_What you should do_
Pictures excluded, copy every record that follows exactly as it appears.

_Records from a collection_
::::::

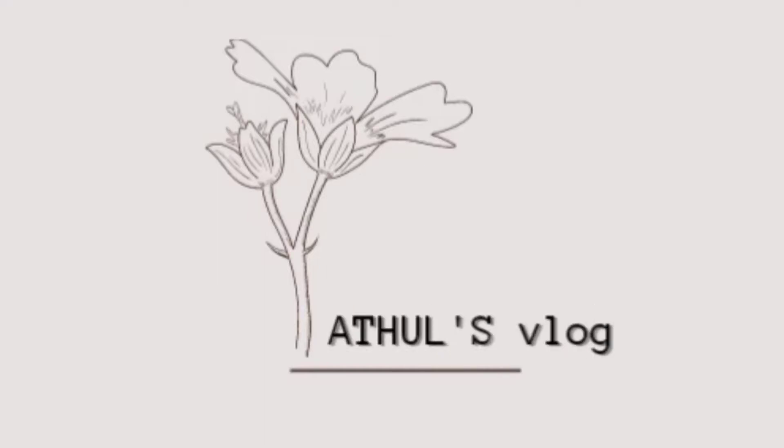If you like this video, please like and subscribe and click on the bell icon.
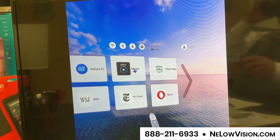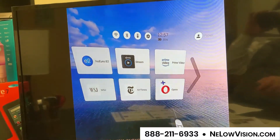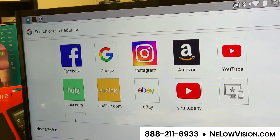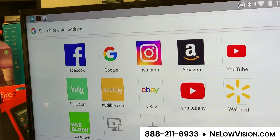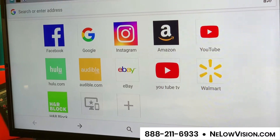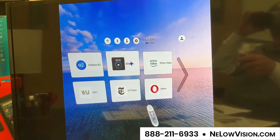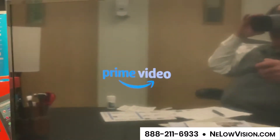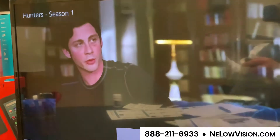Amazon Prime — you can stream that right to this device. You can read the New York Times and the Wall Street Journal. There's also Opera or Oprah. You can access Facebook, Google, Instagram, shop on Amazon, YouTube, YouTube TV, shop on Walmart — you have access to the internet on this wearable. I'm controlling what I'm seeing using this little hand wand or hand mouse. I'm going to go into Amazon Prime and select that now.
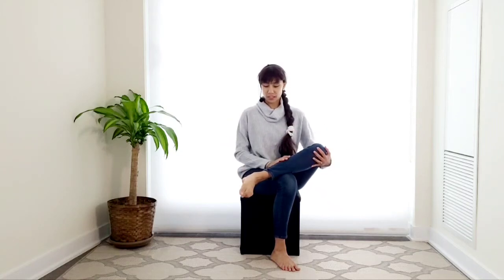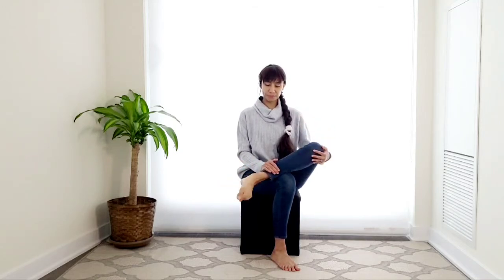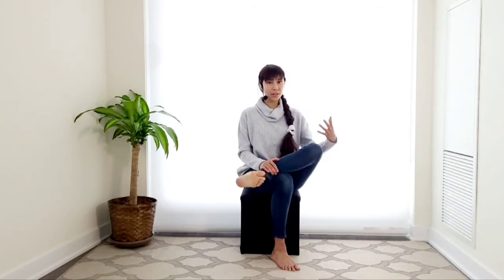Now we'll start with our ankle rotations on the left side. First, we're going to do the rotations actively — five clockwise, five counterclockwise. It's really important to connect to the ankle and connect to your foot. Breathe. Once you've done five in one direction, go ahead and switch. One side for me always feels a little easier than the other. This is my left foot, and it always takes a bit more concentration since I'm right-handed. Notice how it feels for you without any judgment.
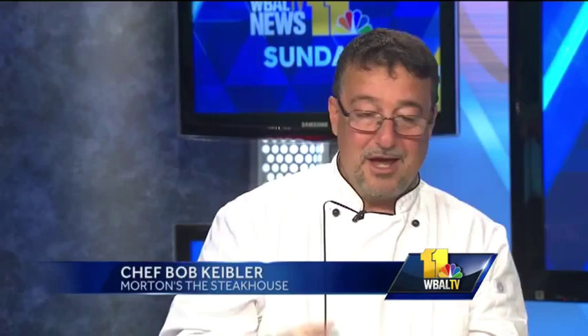I'm excited because we're doing leeks and scallops. We get to blow torch things, so we're going to have a good time. We've got all of our fall selections out here: scallops, truffle cauliflower which is kind of like mashed potatoes, bread pudding, a bone-in filet mignon, and a bacon steak.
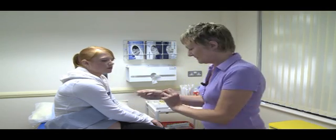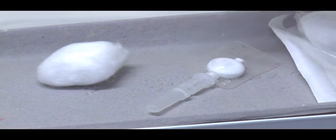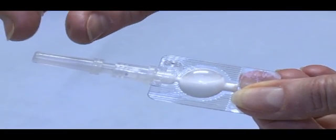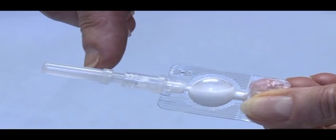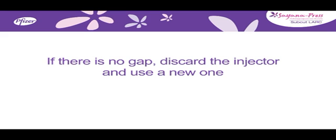When you are ready to give the injection, carefully tear open the foil pouch and remove the injector, but don't remove the needle shield at this stage. It is important to check the injector as follows: the needle shield should be in the position shown and there should be a gap between the end of the needle shield and the port. If there is no gap, discard the injector and use a new one.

::::::

_Exercise response_
If you like this video, please like and subscribe and click on the bell icon.
Amazon Prime — you can stream that right to this device. You can read the New York Times and the Wall Street Journal. There's also Opera or Oprah. You can access Facebook, Google, Instagram, shop on Amazon, YouTube, YouTube TV, shop on Walmart — you have access to the internet on this wearable. I'm controlling what I'm seeing using this little hand wand or hand mouse. I'm going to go into Amazon Prime and select that now.
Now we'll start with our ankle rotations on the left side. First, we're going to do the rotations actively — five clockwise, five counterclockwise. It's really important to connect to the ankle and connect to your foot. Breathe. Once you've done five in one direction, go ahead and switch. One side for me always feels a little easier than the other. This is my left foot, and it always takes a bit more concentration since I'm right-handed. Notice how it feels for you without any judgment.
I'm excited because we're doing leeks and scallops. We get to blow torch things, so we're going to have a good time. We've got all of our fall selections out here: scallops, truffle cauliflower which is kind of like mashed potatoes, bread pudding, a bone-in filet mignon, and a bacon steak.
When you are ready to give the injection, carefully tear open the foil pouch and remove the injector, but don't remove the needle shield at this stage. It is important to check the injector as follows: the needle shield should be in the position shown and there should be a gap between the end of the needle shield and the port. If there is no gap, discard the injector and use a new one.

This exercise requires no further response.